How do I feel? Okay. I don't have the slightest sense of 'incompleteness' or of being unfulfilled, any of that. I am sorry that I don't share the most defining aspect of most other people's lives. I'm involved with their DC (all adults now) and 'get' the major issues of parenting, but feel like an outsider in subtle ways. I'm sad that I'll never feel unconditional love. But none of this is painful.

My life has been more adventurous, richly-textured in different ways, and massively more self-determining than my parent friends' lives. It's good to have more money, more time and more freedom. It's nice to be able to do things spontaneously. No-one at all, except my arse of a father, has criticised my childlessness. It's a pretty normal choice these days - although it chose me, the benefits are obvious to everyone whether they have children or not.

I have friends who are childfree by choice, including couples.

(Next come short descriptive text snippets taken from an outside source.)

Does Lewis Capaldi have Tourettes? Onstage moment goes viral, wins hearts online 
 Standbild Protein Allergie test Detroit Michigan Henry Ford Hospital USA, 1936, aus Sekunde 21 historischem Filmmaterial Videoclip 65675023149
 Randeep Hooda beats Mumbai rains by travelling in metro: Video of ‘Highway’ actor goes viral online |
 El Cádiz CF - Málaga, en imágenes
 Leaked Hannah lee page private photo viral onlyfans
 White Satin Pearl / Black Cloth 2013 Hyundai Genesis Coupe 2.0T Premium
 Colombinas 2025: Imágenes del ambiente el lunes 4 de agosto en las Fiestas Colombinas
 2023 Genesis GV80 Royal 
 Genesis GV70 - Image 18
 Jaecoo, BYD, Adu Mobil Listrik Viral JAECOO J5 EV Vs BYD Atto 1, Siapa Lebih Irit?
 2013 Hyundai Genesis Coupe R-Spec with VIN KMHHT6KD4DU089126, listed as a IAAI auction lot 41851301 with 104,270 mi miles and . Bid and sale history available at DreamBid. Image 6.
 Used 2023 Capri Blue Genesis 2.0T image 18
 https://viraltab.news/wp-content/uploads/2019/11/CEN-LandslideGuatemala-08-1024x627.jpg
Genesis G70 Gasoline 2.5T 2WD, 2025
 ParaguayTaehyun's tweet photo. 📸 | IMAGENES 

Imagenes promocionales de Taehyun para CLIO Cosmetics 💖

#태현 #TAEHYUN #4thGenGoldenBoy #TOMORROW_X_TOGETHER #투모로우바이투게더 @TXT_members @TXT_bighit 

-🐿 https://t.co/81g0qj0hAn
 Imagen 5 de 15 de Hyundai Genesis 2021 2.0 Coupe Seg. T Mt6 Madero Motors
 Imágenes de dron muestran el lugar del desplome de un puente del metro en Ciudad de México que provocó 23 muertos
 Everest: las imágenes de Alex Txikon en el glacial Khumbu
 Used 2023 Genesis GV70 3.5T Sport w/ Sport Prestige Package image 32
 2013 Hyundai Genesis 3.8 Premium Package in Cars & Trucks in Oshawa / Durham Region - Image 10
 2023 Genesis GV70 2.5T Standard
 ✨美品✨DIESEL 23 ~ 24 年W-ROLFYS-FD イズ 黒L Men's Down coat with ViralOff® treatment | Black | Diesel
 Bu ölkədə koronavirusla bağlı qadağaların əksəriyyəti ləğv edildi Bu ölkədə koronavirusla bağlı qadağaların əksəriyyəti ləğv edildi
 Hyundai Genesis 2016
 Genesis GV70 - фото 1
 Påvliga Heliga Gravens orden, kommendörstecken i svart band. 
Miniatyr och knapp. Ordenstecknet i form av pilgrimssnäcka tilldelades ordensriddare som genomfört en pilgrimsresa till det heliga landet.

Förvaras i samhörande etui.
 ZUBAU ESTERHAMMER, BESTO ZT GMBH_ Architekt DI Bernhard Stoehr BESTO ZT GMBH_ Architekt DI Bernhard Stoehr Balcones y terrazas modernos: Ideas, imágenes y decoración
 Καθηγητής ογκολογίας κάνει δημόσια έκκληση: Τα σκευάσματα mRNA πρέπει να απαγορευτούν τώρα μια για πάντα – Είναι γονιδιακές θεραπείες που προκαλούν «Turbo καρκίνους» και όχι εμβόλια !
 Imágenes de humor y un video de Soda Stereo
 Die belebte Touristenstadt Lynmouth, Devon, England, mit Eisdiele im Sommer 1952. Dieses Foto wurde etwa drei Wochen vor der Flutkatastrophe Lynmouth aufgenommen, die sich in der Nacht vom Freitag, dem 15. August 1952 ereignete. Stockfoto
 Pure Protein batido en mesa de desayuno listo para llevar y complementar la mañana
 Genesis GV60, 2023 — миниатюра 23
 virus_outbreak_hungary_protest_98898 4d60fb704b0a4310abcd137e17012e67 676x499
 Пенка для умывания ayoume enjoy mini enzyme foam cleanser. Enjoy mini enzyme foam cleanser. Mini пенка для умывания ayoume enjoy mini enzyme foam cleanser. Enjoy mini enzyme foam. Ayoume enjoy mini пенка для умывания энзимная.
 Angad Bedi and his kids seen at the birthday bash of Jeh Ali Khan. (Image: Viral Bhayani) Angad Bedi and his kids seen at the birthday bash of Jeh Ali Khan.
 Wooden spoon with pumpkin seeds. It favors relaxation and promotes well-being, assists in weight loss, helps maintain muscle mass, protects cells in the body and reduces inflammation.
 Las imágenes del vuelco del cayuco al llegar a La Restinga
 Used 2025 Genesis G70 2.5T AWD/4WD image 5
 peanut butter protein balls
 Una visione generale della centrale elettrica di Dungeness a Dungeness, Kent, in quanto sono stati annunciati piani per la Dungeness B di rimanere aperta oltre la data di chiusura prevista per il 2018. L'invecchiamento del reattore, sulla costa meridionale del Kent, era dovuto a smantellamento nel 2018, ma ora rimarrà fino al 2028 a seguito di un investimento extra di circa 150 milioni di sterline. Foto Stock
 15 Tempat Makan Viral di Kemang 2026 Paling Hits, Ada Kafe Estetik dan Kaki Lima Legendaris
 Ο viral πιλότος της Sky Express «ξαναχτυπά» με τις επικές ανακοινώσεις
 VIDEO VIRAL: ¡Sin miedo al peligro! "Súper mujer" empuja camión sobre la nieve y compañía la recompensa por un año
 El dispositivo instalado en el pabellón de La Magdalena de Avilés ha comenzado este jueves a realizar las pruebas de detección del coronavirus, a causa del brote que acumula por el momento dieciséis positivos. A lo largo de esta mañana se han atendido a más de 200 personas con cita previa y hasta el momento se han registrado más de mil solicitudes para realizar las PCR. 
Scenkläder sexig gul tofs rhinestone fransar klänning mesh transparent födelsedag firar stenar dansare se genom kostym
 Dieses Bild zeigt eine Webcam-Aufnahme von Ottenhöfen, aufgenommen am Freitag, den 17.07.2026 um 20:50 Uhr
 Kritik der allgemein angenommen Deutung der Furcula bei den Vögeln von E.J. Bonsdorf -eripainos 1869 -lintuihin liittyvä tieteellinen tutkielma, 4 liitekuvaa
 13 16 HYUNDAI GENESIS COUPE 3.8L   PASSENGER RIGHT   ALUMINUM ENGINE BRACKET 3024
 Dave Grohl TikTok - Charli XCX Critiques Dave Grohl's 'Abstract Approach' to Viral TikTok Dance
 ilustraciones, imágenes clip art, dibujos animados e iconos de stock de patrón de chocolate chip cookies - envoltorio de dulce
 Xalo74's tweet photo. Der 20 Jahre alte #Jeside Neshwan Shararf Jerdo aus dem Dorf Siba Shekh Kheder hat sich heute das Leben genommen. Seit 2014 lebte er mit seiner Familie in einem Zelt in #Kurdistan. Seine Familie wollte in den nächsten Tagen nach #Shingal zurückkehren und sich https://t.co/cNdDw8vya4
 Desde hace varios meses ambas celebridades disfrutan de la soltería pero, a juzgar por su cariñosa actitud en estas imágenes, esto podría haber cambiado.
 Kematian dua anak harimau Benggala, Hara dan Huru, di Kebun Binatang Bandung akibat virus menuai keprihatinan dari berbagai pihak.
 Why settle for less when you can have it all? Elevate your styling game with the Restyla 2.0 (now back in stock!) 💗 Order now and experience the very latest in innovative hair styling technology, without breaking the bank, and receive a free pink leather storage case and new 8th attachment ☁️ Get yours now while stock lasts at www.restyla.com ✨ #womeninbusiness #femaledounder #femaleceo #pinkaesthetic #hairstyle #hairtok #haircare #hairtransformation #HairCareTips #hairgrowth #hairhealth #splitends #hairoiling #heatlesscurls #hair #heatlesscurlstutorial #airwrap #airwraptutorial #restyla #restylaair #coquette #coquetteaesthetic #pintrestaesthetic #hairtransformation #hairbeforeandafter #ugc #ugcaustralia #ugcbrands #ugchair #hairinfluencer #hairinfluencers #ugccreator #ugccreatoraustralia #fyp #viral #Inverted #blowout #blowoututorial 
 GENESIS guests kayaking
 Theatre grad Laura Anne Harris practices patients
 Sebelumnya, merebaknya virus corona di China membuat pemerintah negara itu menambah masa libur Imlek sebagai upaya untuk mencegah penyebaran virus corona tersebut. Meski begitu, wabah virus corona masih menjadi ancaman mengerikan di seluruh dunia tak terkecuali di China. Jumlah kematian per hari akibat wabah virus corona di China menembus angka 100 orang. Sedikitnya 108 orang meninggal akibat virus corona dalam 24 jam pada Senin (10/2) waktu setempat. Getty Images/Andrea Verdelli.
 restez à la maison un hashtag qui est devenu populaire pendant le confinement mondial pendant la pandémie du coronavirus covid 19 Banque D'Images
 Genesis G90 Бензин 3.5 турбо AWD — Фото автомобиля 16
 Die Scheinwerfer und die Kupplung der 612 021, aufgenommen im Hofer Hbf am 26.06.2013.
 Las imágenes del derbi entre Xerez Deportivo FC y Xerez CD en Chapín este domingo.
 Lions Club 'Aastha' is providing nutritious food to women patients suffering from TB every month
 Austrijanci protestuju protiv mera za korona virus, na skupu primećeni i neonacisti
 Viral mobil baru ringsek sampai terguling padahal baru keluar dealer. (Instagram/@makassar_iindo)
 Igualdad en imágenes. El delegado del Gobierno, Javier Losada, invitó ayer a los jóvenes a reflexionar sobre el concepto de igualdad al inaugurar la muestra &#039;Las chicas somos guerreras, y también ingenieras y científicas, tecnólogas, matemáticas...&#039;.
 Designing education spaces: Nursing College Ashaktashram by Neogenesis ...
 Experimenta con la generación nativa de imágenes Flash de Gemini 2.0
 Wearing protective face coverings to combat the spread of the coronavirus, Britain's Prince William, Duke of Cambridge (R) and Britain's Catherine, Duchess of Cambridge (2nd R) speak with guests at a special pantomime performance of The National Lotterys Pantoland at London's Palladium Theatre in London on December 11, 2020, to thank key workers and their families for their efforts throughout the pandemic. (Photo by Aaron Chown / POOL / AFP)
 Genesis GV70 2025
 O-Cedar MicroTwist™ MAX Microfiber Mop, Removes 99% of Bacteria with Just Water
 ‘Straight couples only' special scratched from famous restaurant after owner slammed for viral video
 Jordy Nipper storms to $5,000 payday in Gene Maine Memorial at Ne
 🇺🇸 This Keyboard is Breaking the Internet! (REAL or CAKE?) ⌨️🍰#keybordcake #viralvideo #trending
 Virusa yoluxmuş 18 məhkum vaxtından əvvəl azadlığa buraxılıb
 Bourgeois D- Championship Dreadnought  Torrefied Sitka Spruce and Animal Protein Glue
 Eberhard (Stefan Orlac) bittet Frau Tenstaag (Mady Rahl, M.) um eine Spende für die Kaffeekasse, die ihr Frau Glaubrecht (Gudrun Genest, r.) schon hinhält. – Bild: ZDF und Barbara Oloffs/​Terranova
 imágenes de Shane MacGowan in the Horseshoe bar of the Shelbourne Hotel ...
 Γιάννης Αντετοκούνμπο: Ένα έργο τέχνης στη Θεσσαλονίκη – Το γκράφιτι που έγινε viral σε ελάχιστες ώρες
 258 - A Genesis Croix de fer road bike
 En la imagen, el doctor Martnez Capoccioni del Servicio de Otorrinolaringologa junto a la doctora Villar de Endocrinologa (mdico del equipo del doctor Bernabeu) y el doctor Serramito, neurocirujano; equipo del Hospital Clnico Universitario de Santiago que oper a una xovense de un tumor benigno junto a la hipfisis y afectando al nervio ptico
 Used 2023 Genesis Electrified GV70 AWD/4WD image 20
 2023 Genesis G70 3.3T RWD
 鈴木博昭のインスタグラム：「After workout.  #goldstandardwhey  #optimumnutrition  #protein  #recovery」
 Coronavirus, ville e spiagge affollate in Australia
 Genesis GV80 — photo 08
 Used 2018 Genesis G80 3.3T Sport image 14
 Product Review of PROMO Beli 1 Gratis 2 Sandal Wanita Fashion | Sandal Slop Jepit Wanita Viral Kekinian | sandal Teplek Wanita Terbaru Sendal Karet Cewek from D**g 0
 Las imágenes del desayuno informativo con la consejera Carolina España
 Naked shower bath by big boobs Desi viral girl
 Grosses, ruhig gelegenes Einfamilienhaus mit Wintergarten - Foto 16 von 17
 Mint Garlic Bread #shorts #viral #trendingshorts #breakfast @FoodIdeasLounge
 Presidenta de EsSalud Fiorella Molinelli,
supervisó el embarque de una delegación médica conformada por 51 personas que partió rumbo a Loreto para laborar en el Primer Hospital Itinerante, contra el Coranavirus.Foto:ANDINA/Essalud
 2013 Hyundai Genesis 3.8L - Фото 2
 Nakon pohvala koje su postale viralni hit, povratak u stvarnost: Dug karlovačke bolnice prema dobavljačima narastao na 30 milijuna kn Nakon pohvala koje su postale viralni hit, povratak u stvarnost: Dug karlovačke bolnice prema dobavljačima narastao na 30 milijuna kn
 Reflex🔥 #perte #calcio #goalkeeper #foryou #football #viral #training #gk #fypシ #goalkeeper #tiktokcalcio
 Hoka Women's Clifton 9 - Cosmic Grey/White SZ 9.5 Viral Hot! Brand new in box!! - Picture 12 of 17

They made active choices to focus, instead, on travel and/or their careers. They are happy.

Children aren't insurance against old age, btw! You're actually more likely to be able to afford a comfortable retirement if you haven't got DC.

HTH :)

ItsAPublicForumWhine · 11/05/2012 11:22

something to be considered within the decision making process

It isn't though.

Thinking "Best have kids in case DH changes his mind and leaves" shouldn't factor in as a decision at all.